DESCRIPTION OF THE TASK => The records that follow are to be given again exactly, with their pictures omitted.

DATA EXCERPTS =>

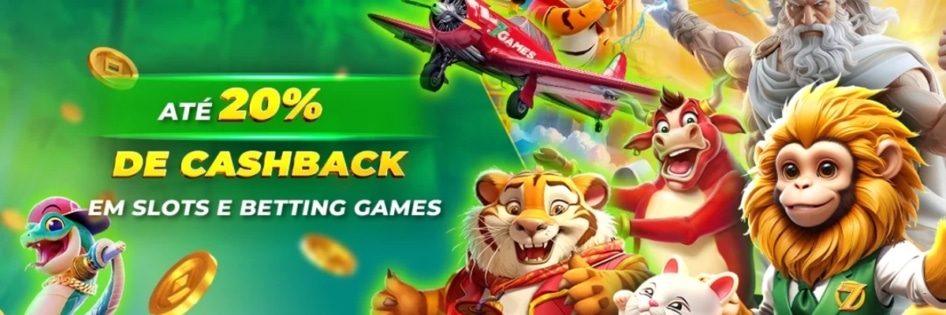 Banner da promoção Cashback 7Games, com texto “até 20% de cashback em slots e betting games” e mascotes coloridos em destaque.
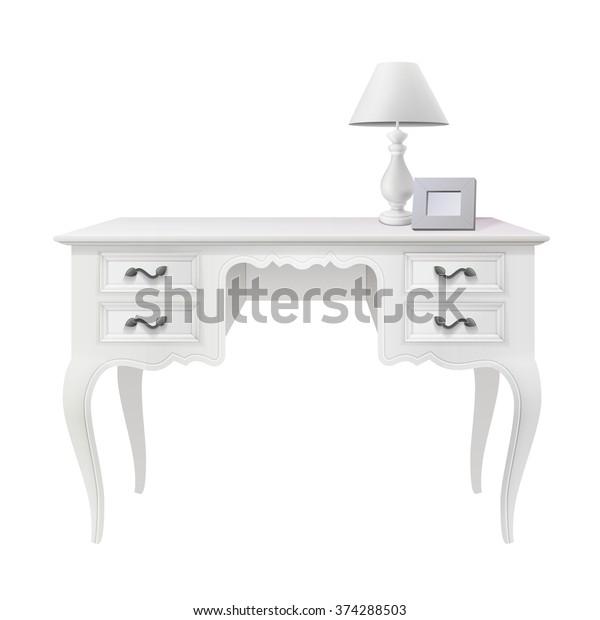 Home Office White Vintage Desk Table Stock Vector Royalty Free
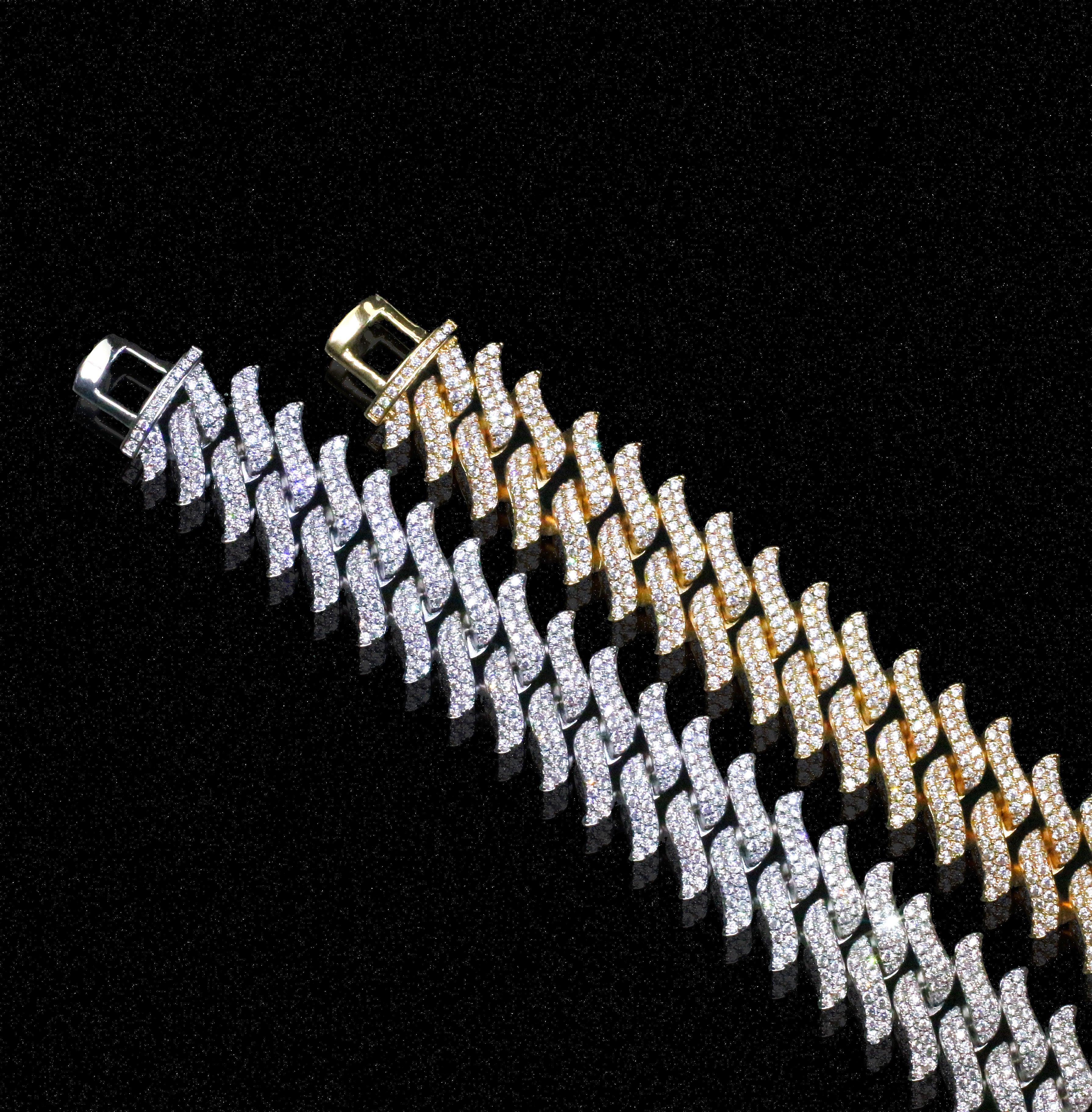 15mm Spiked Diamond Cuban Bracelet Chain
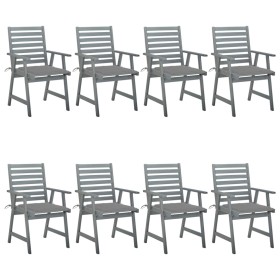 Garden dining chairs 8 units solid acacia wood with cushions by vidaXL, Garden chairs - Ref: Foro24-3078432, Price: 606,99 €,...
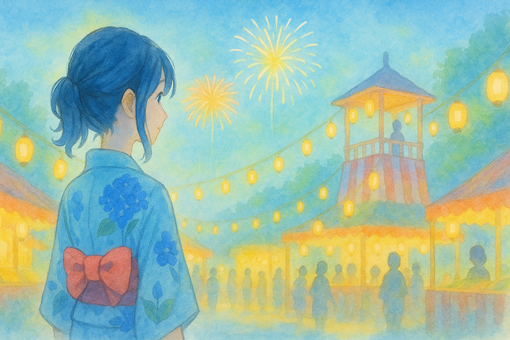 夏祭りの花火と浴衣の女性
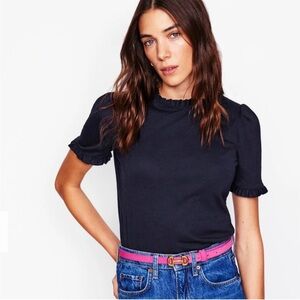 Boden Supersoft Frill Detail Puffed Shoulder Short Sleeve T-Shirt in Navy Blue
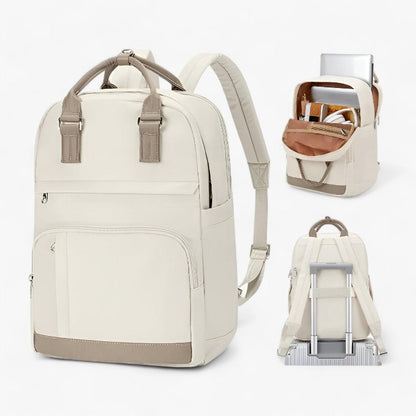 Sac à dos scolaire imperméable | Style urbain, beige | Usage quotidien et voyage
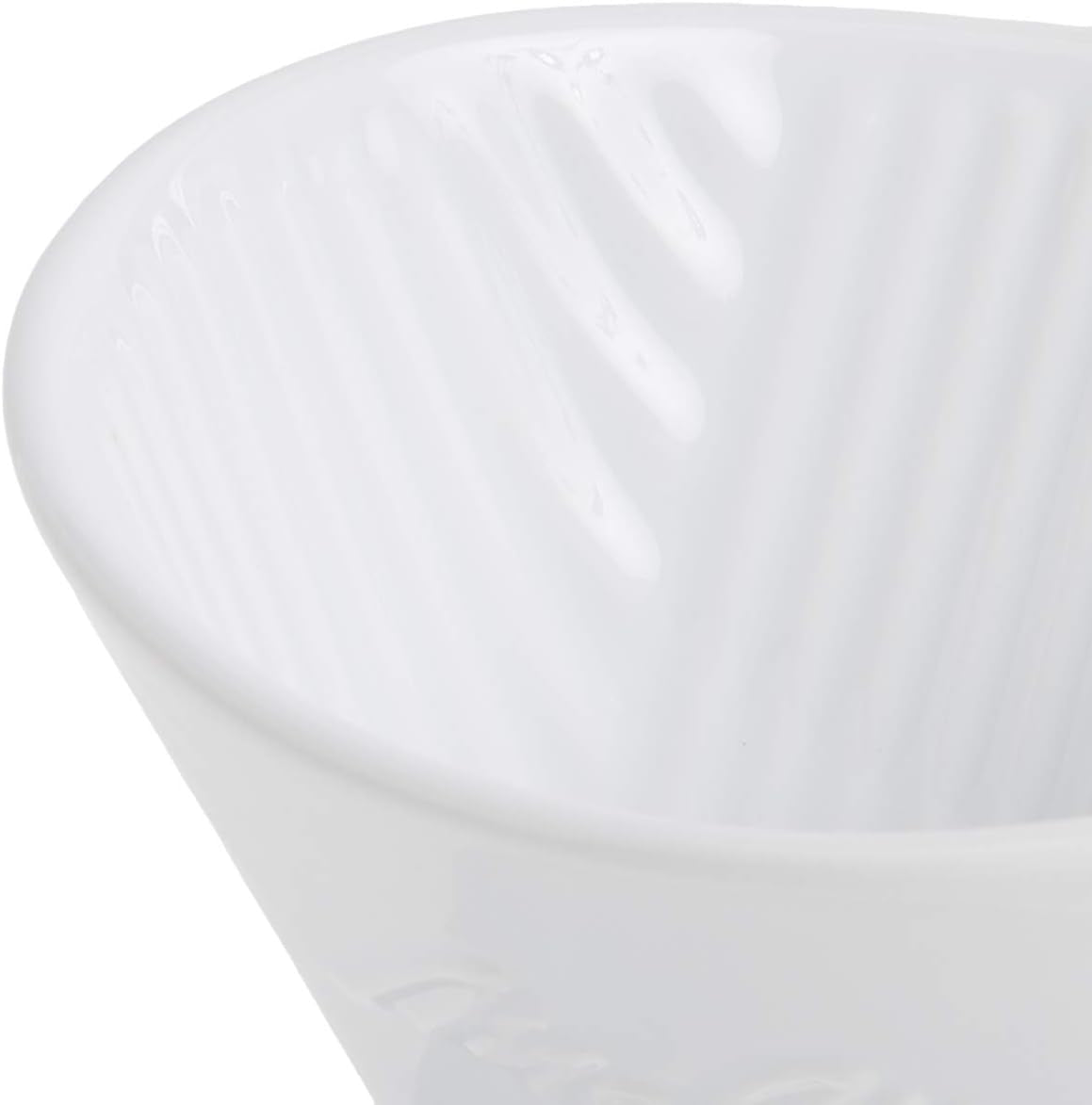 1 Cup Porcelain Pour-Over Cone Coffeemaker, Glossy White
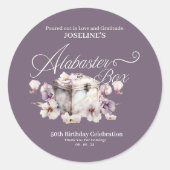 Alabaster Box Paarse Verjaardag Ronde Sticker (Voorkant)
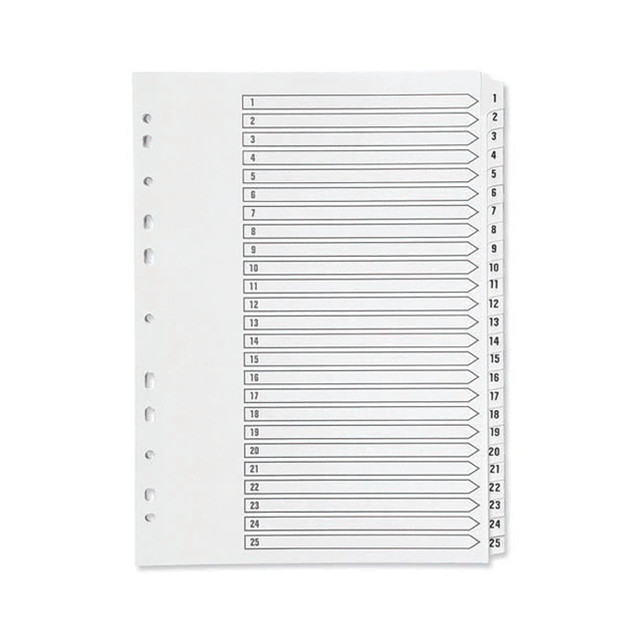 CW Office Q-Connect A4 1-25 Q-Connectlar Index, white index with numbered tabs for organizing files.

SOLUTION =>
 Banner da promoção Cashback 7Games, com texto “até 20% de cashback em slots e betting games” e mascotes coloridos em destaque.
 Home Office White Vintage Desk Table Stock Vector Royalty Free
 15mm Spiked Diamond Cuban Bracelet Chain
 Garden dining chairs 8 units solid acacia wood with cushions by vidaXL, Garden chairs - Ref: Foro24-3078432, Price: 606,99 €,...
 夏祭りの花火と浴衣の女性
 Boden Supersoft Frill Detail Puffed Shoulder Short Sleeve T-Shirt in Navy Blue
 Sac à dos scolaire imperméable | Style urbain, beige | Usage quotidien et voyage
 1 Cup Porcelain Pour-Over Cone Coffeemaker, Glossy White
 Alabaster Box Paarse Verjaardag Ronde Sticker (Voorkant)
 CW Office Q-Connect A4 1-25 Q-Connectlar Index, white index with numbered tabs for organizing files.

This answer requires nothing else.